Smallholder farmers seek to benefit from school feeding programme

By Bob Aston
The Home Grown School Meal Programme has always aimed at increasing small-scale farmer’s access to the school feeding market by encouraging improved production practices among small-scale farmers and increasing direct purchases from small holders. Despite this many smallholders’ farmers have been unable to benefit from the programme.
It is this in mind that the SNV-Netherlands Development Organisation organized for a business opportunity meeting between twenty two (22) Home Grown School Meal Programme (HGSMP) schools in Ol-Moran Ward and Laikipia Produce and Marketing Co-operative Society at Sipili Catholic Church Hall in Laikipia West Sub County on June 24, 2015.
The meeting which was also attended by officer in charge of School feeding programme in Laikipia West, Kilimo Biashara Profilers, Arid Lands Information Network (ALIN), Ol-Moran and Sipili Area Education Officers (AEO), provided an opportunity for the farmer group to present their case on why they should be considered when tenders for HGSMP are being given by schools.
Cecilia Gacheri addressing the participants

Speaking during the meeting, Cecilia Gacheri, officer in charge of school Feeding Program in Laikipia West urged schools to give local farmers the first priority when giving out tenders for HGSMP as this will uplift the livelihood of the farmers who in most cases are also the parents.
She took participants through the HGSMP procurement procedures, responsibilities and roles of head teachers, selection of suppliers, delivery of food, reporting and monitoring and evaluation.

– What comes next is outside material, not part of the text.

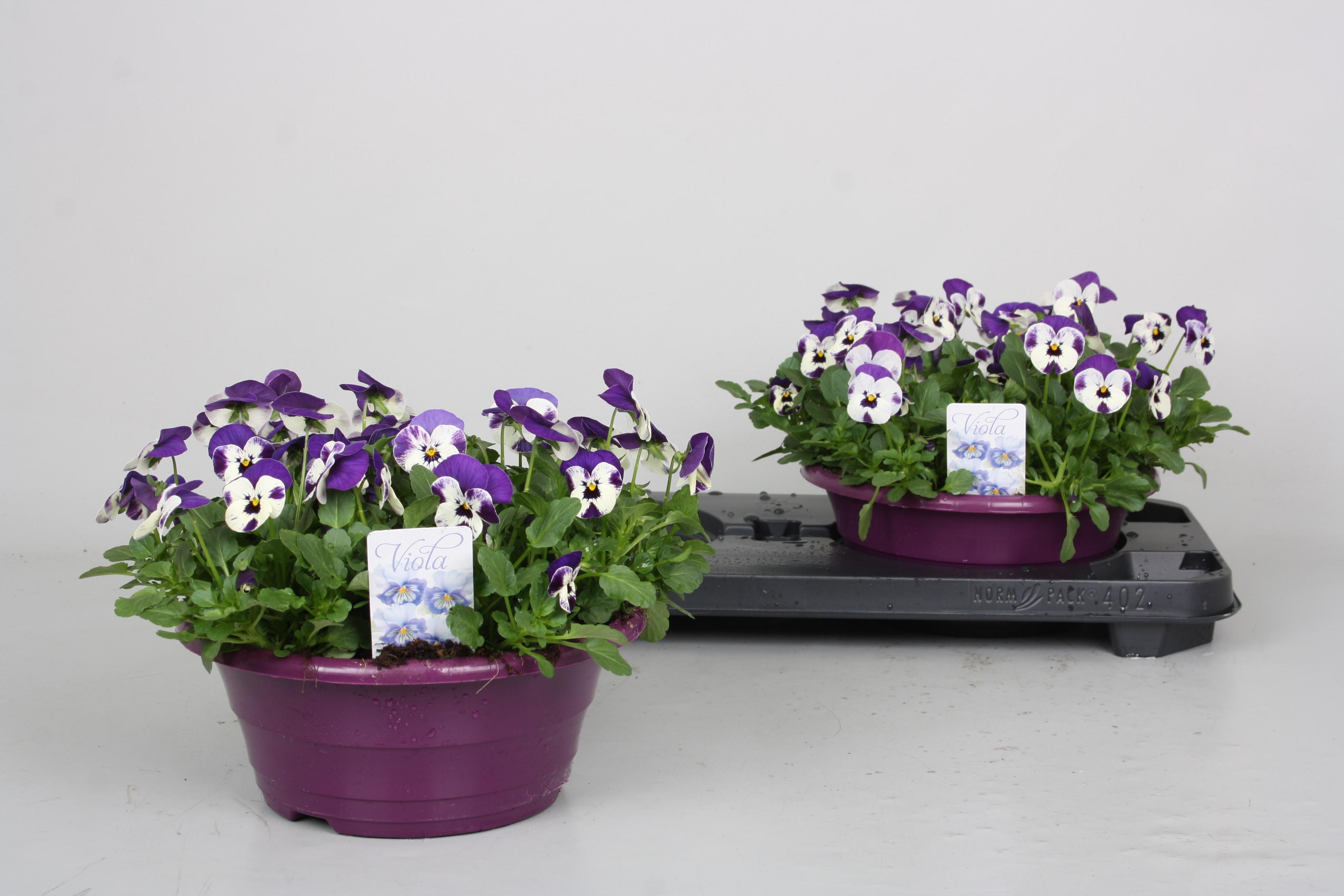 Горшечные цветы и растения оптом Vio Co Pp Viol  & Wh от 2шт из Голландии с доставкой по России
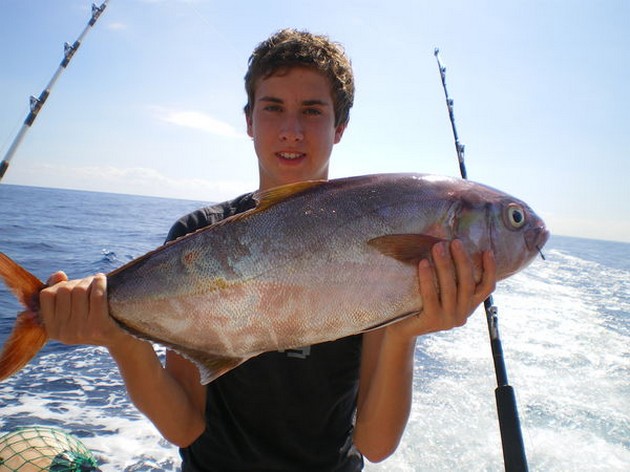 Amberjacks - Dorado's - Cavalier & Blue Marlin Sport Fishing Gran Canaria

She urged the school meal program committees to strictly adhere to the laid down regulations in order for their students to continue benefiting from the project. Schools should also document how the funds are used and all documentation filed in the HGSMP file.

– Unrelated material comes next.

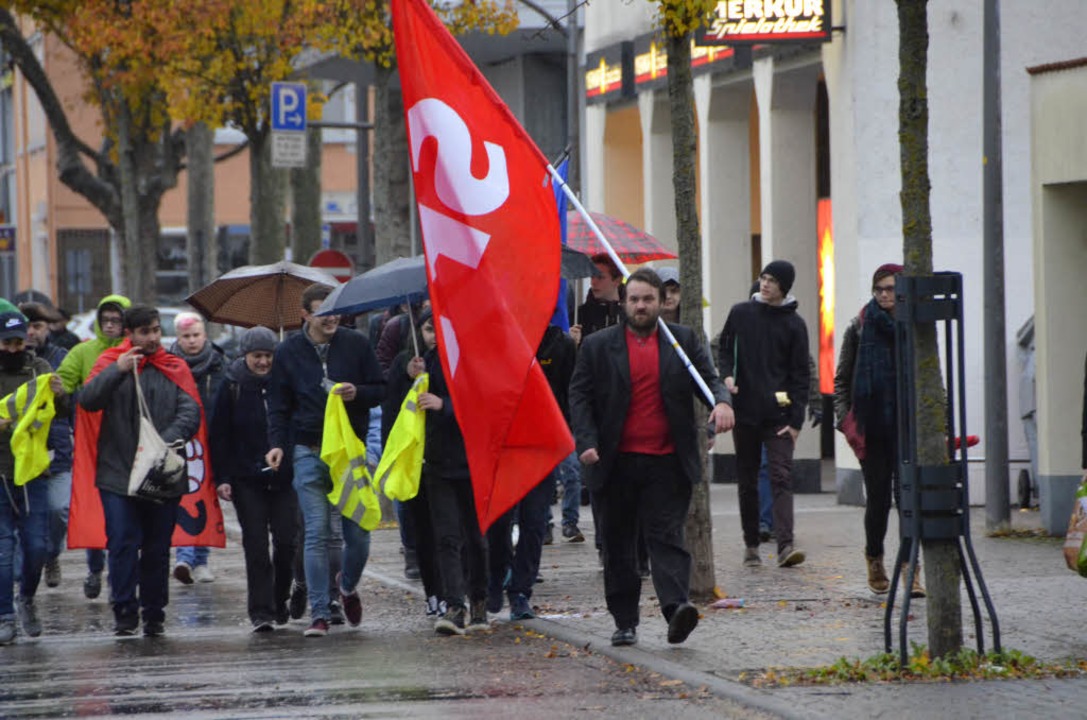 Aktivisten demonstrierten gegen den Parteitag der AfD in Kehl. 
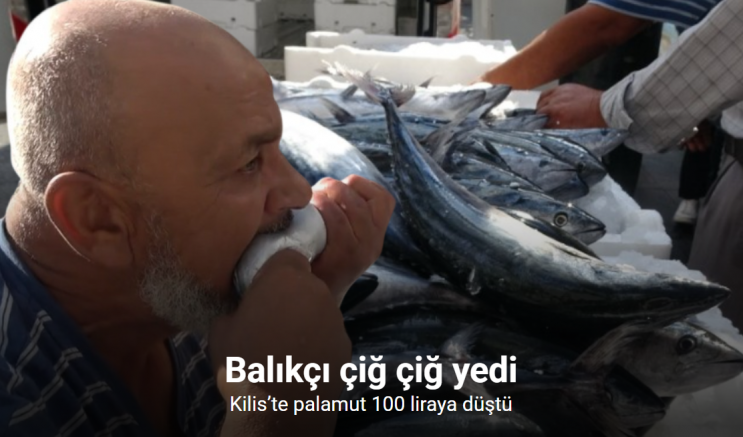 Kilis’te palamut 100 liraya düştü, balıkçı çiğ çiğ yedi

“Whenever funds are disbursed you should advertise for tenders. The tendering process should be transparent and all the applicants should be given an equal opportunity,” said Gatheri.
Aims of HGSMP include: providing equal opportunities of access to free education to Kenyan school going children from poverty stricken backgrounds; reducing short term hunger; improving the children’s’ health and nutrition status; improving the children’s’ attention span and cognitive ability; minimizing school dropout; and improving academic performance.

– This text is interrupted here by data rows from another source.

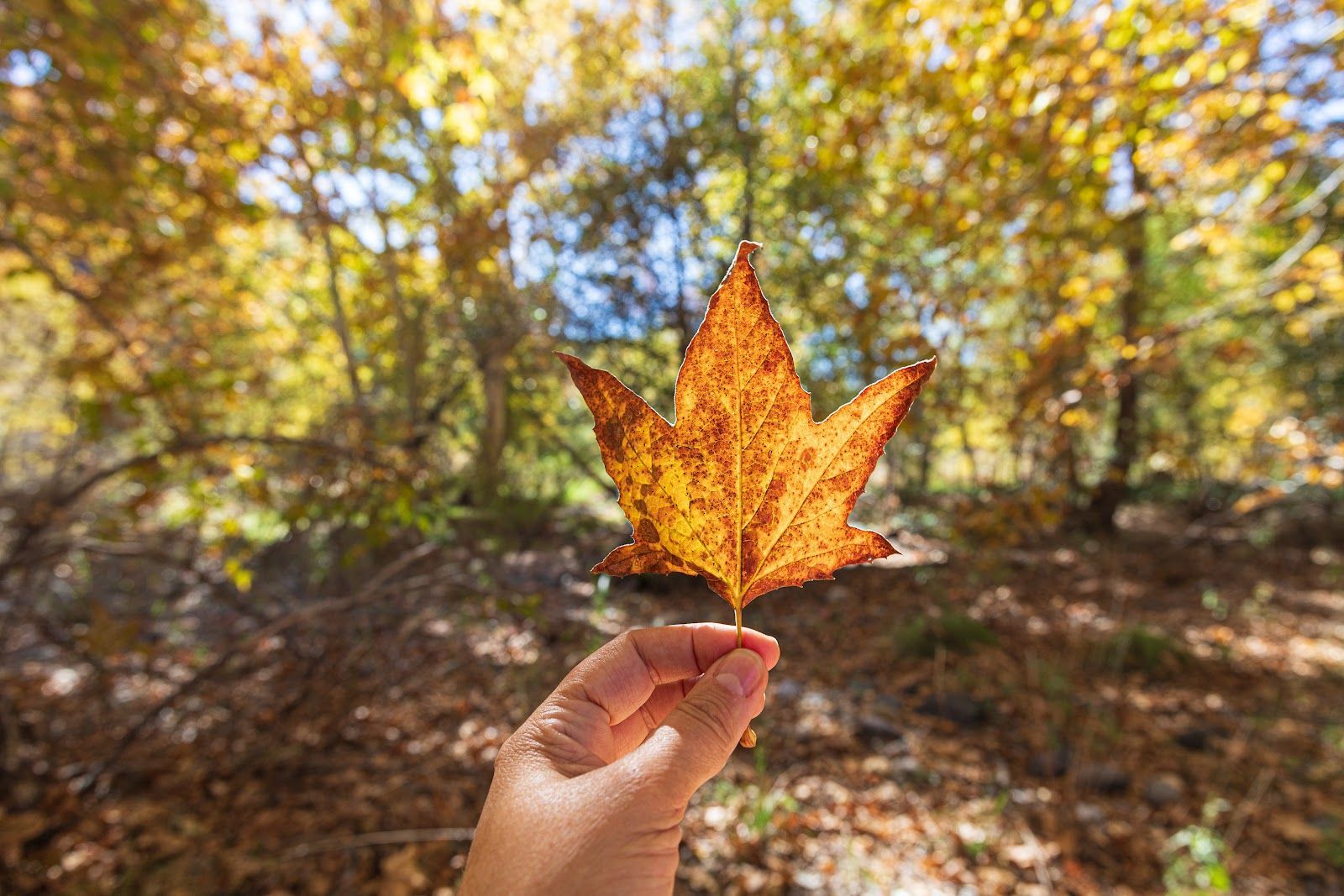 Hand holding a golden fall leaf in a sunlit Sedona forest in October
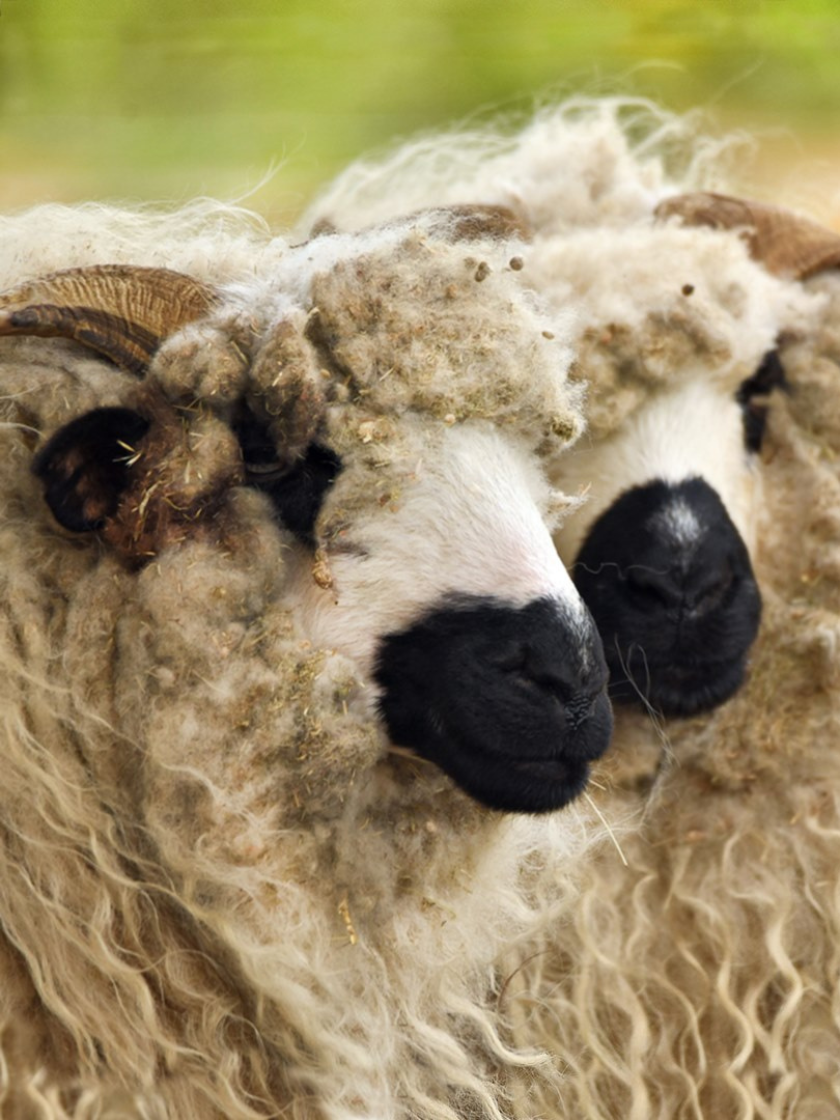 Mouton Thônes et Marthod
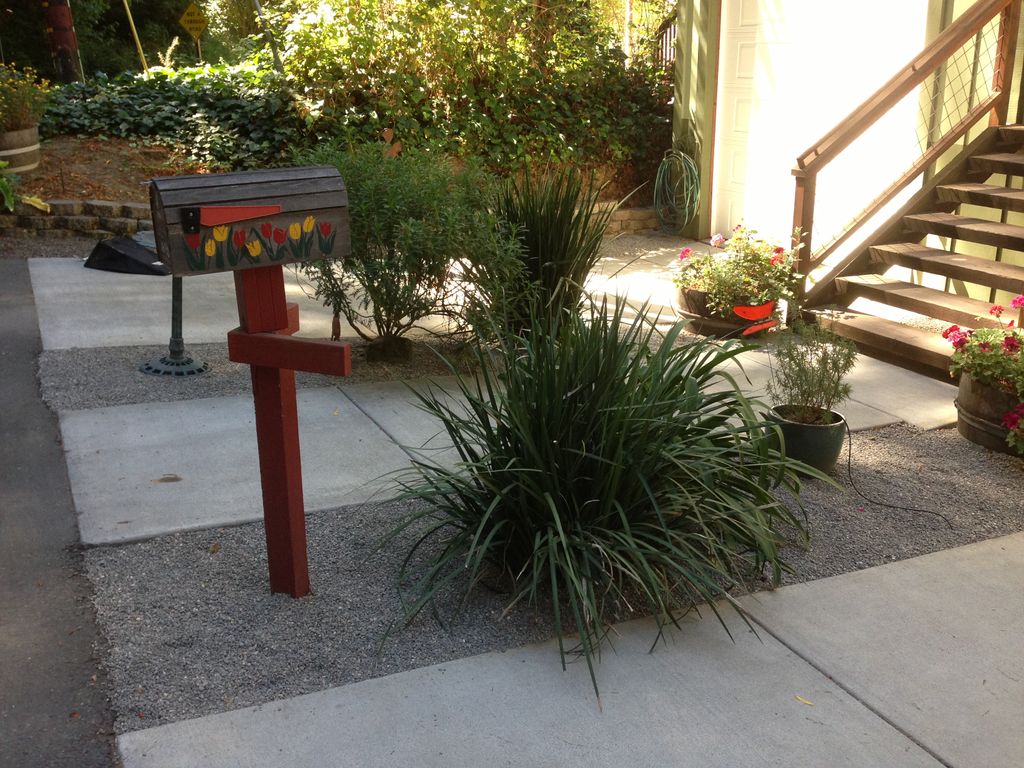 Plant install Guerneville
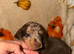 Tiny miniature dachshund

The participants posing for a photo
Francis Kanja, Chairman Laikipia Produce and Marketing Co-operative Society urged schools to consider the cooperative as they have met the selection criteria for small scale local farmer groups. He noted that the cooperative is able to supply cereals to schools throughout the year.
He said that the cooperative will soon open centers in Ol-Moran and Muhotetu and this will make delivering cereals to schools to be easier. He said that when schools award tenders to local farmers they will be enhancing local agricultural production thus increasing accessibility to markets by local small scale farmers leading to improved livelihood.
“Most of our members are drawn from Sipili and Ol-Moran. Promoting the cooperative will mean that you are promoting small-scale farmers who are members of the cooperative and who are also parents in your schools,” said Kanja.
At the inception of the Programme in 2009, the Government estimated Kshs. 7 per child per day to cover the cost of providing a mid-day meal. The schools are currently receiving Ksh.10 per child per day. The targeted primary schools are allocated funds by the Government of Kenya to cover the cost of food for a specified period based on the number of school children in these schools.